Data supplied START

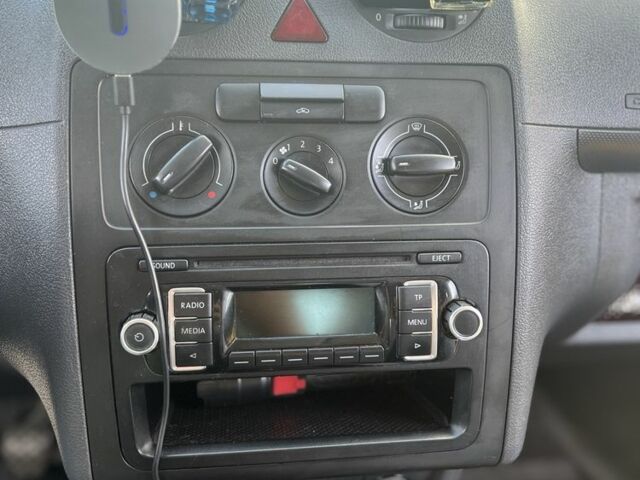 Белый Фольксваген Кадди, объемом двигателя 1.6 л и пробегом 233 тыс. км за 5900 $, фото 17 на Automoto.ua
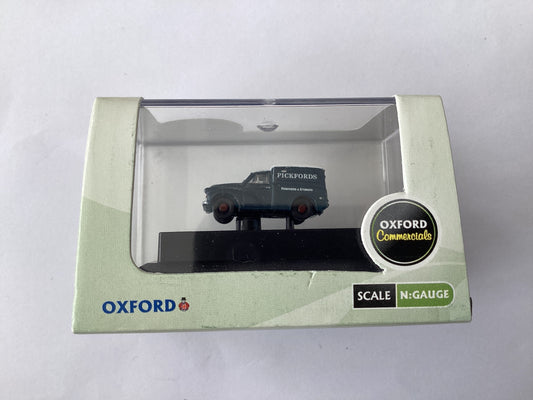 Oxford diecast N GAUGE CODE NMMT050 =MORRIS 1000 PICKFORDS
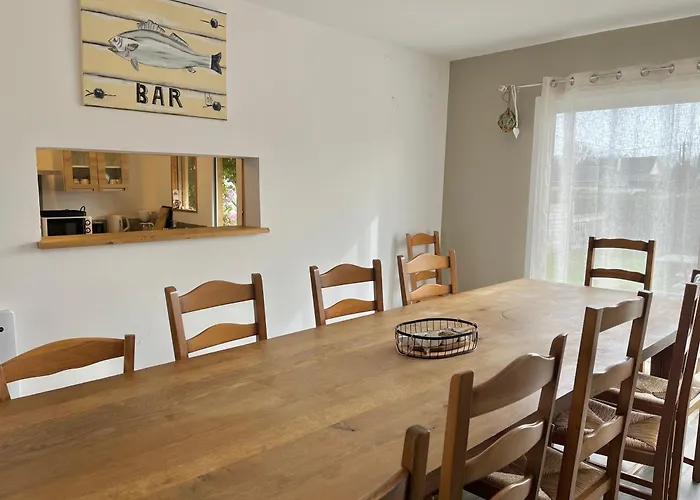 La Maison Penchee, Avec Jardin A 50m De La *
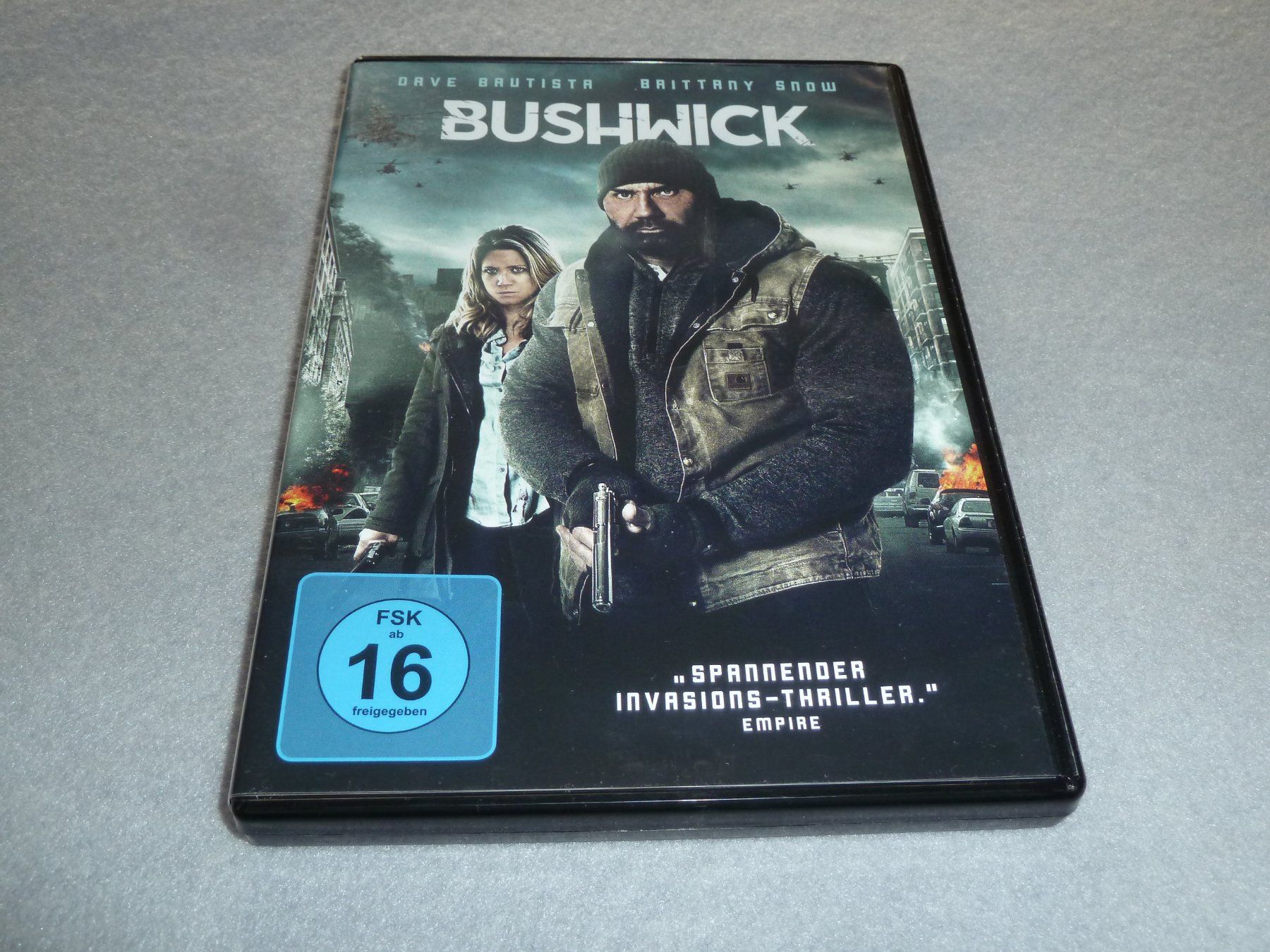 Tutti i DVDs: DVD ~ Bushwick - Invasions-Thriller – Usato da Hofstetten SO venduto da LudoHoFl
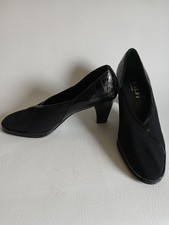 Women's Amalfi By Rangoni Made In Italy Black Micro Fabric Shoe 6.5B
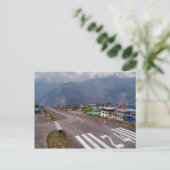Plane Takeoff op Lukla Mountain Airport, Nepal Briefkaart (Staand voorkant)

Data supplied END
Data supplied START

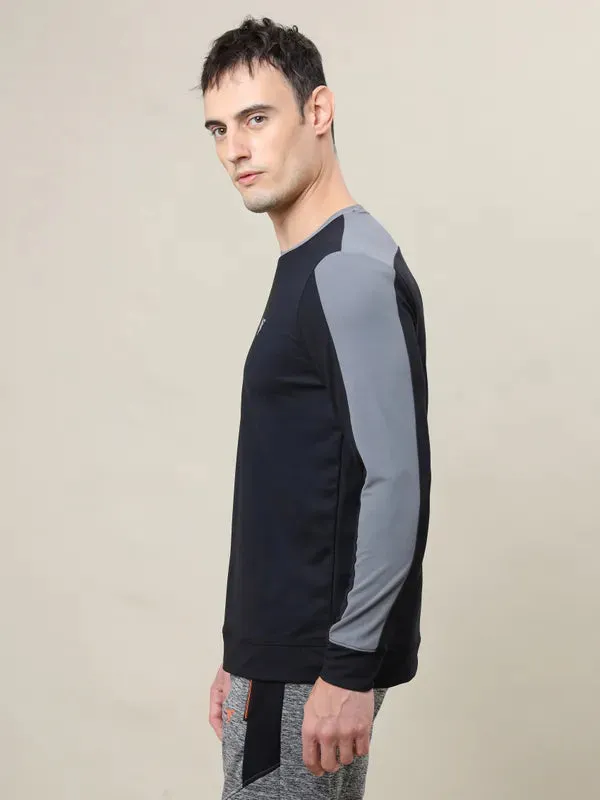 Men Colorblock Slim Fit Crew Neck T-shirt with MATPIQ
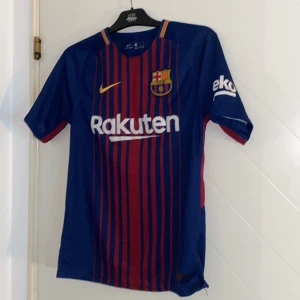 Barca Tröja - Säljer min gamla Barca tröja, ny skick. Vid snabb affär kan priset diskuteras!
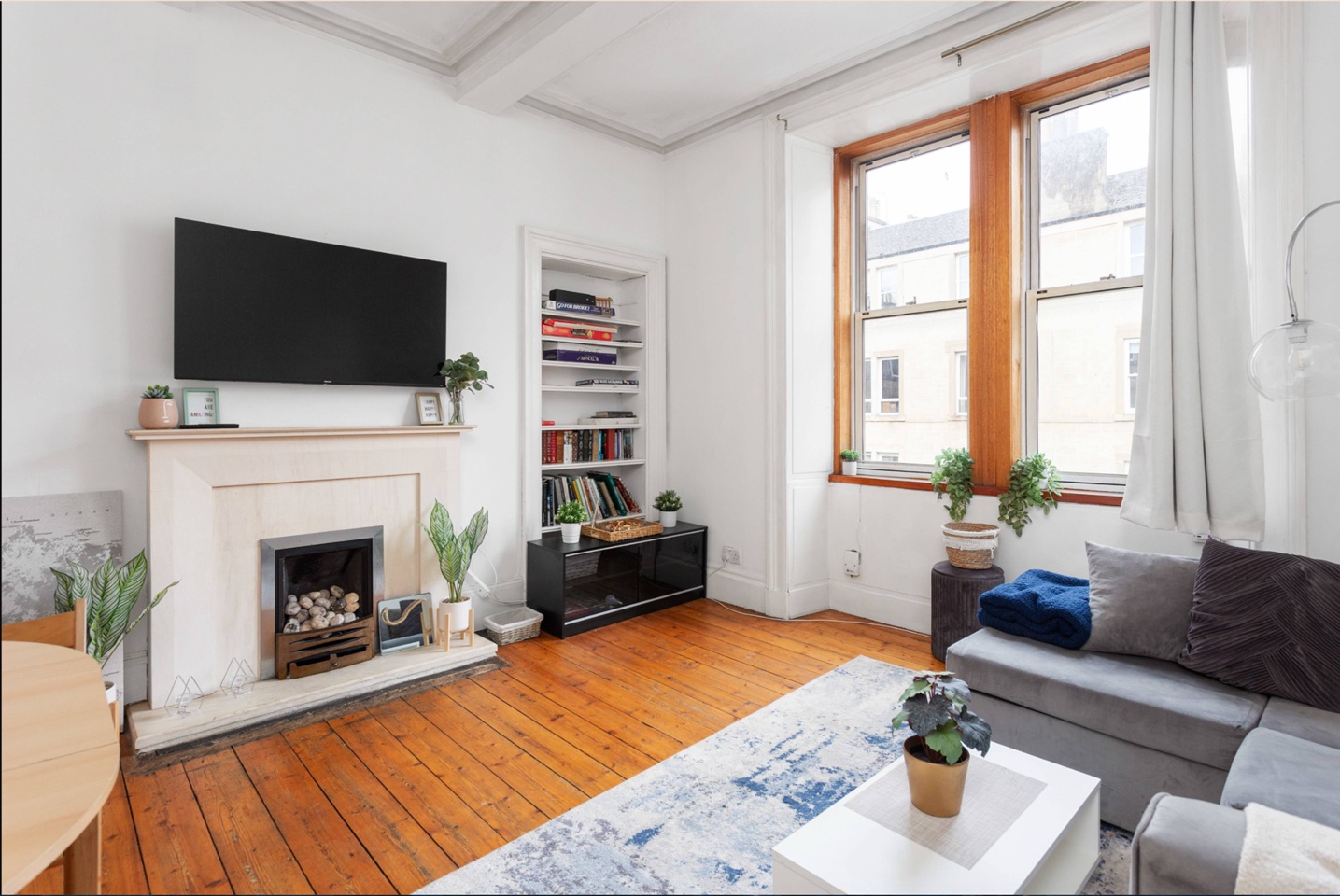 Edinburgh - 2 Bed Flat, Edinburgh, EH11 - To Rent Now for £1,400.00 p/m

Data supplied END

#### [Prompt]
Everything above from the line that has "Белый Фольксваген Кадди, объемом" down to the line that has "Plane Takeoff op" should be output exactly, with both of those lines included. Leave the pictures behind.

#### [Exercise response]
 Белый Фольксваген Кадди, объемом двигателя 1.6 л и пробегом 233 тыс. км за 5900 $, фото 17 на Automoto.ua
 Oxford diecast N GAUGE CODE NMMT050 =MORRIS 1000 PICKFORDS
 La Maison Penchee, Avec Jardin A 50m De La *
 Tutti i DVDs: DVD ~ Bushwick - Invasions-Thriller – Usato da Hofstetten SO venduto da LudoHoFl
 Women's Amalfi By Rangoni Made In Italy Black Micro Fabric Shoe 6.5B
Plane Takeoff op Lukla Mountain Airport, Nepal Briefkaart (Staand voorkant)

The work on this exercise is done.